O mundo, preocupado com a degradação do clima e o impacto das alterações climáticas, vê os seus principais responsáveis políticos reunirem-se em sucessivas “Conferências das Partes” – COP.
Desde o Rio de Janeiro, em 1992, até ao Acordo de Paris de 2015, tem sido um longo e proveitoso caminho, percorrido pelas Nações Unidas e pelos países. Caminho em que se vão fixando novas metas que, se alcançadas, assegurarão a sobrevivência da humanidade, a nossa sobrevivência.
Estas conferências têm vindo a decorrer, genericamente, em capitais e países “frequentáveis”. Quer dizer, em países que respeitam o estado de direito.
Este ano, por razões que só os organizadores poderão explicar, a opção foi a de realizar a cimeira no Azerbaijão.
País que resultou da dissolução da União Soviética, que tem o mesmo presidente há mais de vinte anos e que é governado pelo mesmo partido, aliás hegemónico, desde que acedeu à independência, ou seja, há trinta anos.
E nem a anunciada ausência dos líderes europeus, desde logo da presidente da comissão europeia, alterou a situação ou demoveu os organizadores.
Sabemos que as alterações climáticas afectam e afectarão por igual os que vivem em democracia e os que vivem em ditadura.

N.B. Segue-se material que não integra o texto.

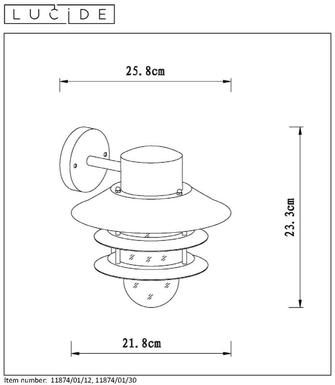 Applique extérieure contemporaine Lucide Zico Nickel satiné Aluminium 11874/01/12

Mas, convirá não esquecer que na nossa hierarquia de valores, desde logo constitucional, sobreleva a liberdade, nas suas várias dimensões, o primado do direito e a escolha livre dos nossos representantes.
Deve, por isso, merecer reflexão se, a pretexto de cimeiras internacionais, podem as democracias proporcionar um palco mundial credibilizador e de grande impacto, maxime enquanto organizadores, a regimes políticos autoritários, isto é, aos seus inimigos.
Situação especialmente agravada, no caso concreto, quando o “palco do clima” serviu para um presidente de um regime que não conhece a limitação de mandatos, fazer um ataque chocante a um país democrático, berço das nossas instituições, pátria de acolhimento de muitos perseguidos políticos, e pátria fundadora dos valores que, há mais de dois séculos, nos guiam no sentido da liberdade e do livre pensamento.
Estamos conscientes que o mundo está a mudar e é confrontado, cada vez mais, com novas preocupações que vão para além das fronteiras e não dependem dos regimes políticos.
É, no entanto, essencial que não nos confundamos.
No dia em que a “senha” para a organização e para a entrada nos grandes areópagos internacionais não for a liberdade, o primado do direito e o respeito pelos direitos humanos, estaremos a negar o caminho que a humanidade vem fazendo e a abdicar da afirmação identitária da dignidade da pessoa humana.
Estaremos a negar-nos!
Defender os objectivos do Acordo de Paris é um desafio para ser cumprido por homens livres, não por súbditos nem por escravos.